Nike Air Zoom Schu e a mudança para o estilo de vida
O crossover de lifestyle surgiu mais tarde com o lançamento do Nike Air Zoom Schu, um modelo que traduziu a linguagem visual das botas de corrida para a esfera casual. O seu design extraiu pistas do calçado na pista enquanto pegava proporções e detalhes emprestados de outros ícones da Nike da época - mais notavelmente a Air Jordan. O tênis foi lançado nas mesmas cores vistas no circuito, ao lado de uma terceira iteração azul escuro. A parceria durou até 2002, quando a FILA entrou como novo fornecedor da Ferrari, forçando efetivamente Schumacher a cortar laços com a Nike. O Swoosh, afinal de contas, nunca foi um patrocinador técnico da Scuderia, mas sim um endosso pessoal ligado exclusivamente ao motorista alemão. Com excepção da temporada de 1997, os companheiros de Schumacher durante os anos da Nike — Eddie Irvine e Rubens Barrichello — usavam marcas diferentes. Irvine correu inicialmente na Diadora, parceira oficial de calçado da Ferrari na altura, antes de mudar para a Sabelt depois de também ter experimentado com a Nike. Barrichello seguiu um caminho semelhante, escolhendo Sabelt em 2000 antes de passar para a Asics em 2001.
O futuro: poderá a Nike regressar à Fórmula 1?
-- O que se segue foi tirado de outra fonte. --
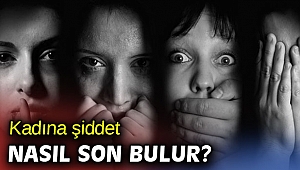 Kadına şiddet nasıl son bulur?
Hoje, o período entre 1996 e 2001 continua a ser o único capítulo em que a Nike deixou uma marca visível na Fórmula 1. O Swoosh não voltou à grelha — nem com as botas de piloto, nem com um fato de corrida, muito menos num monolugar. Entretanto, a Fórmula 1 evoluiu para uma plataforma cultural e comercial capaz de atrair marcas de todos os cantos da indústria. a adidas fez grandes movimentos com a Mercedes e, mais recentemente, com a Audi, enquanto a parceria de longa data da PUMA com a Ferrari continua a definir a estética do paddock. Em suma, a ausência da Nike deu aos seus concorrentes o espaço para construírem identidades fortes e reconhecíveis dentro do desporto. No entanto, à medida que a Nike continua a dominar para além do circuito — do ténis ao futebol e à ascensão da estética inspirada no exterior — a ideia do seu regresso à Fórmula 1 parece menos especulação e mais como uma inevitabilidade. A única questão real é se o desporto vai mais uma vez oferecer um talento verdadeiramente geracional para construir essa história — alguém como Michael Schumacher.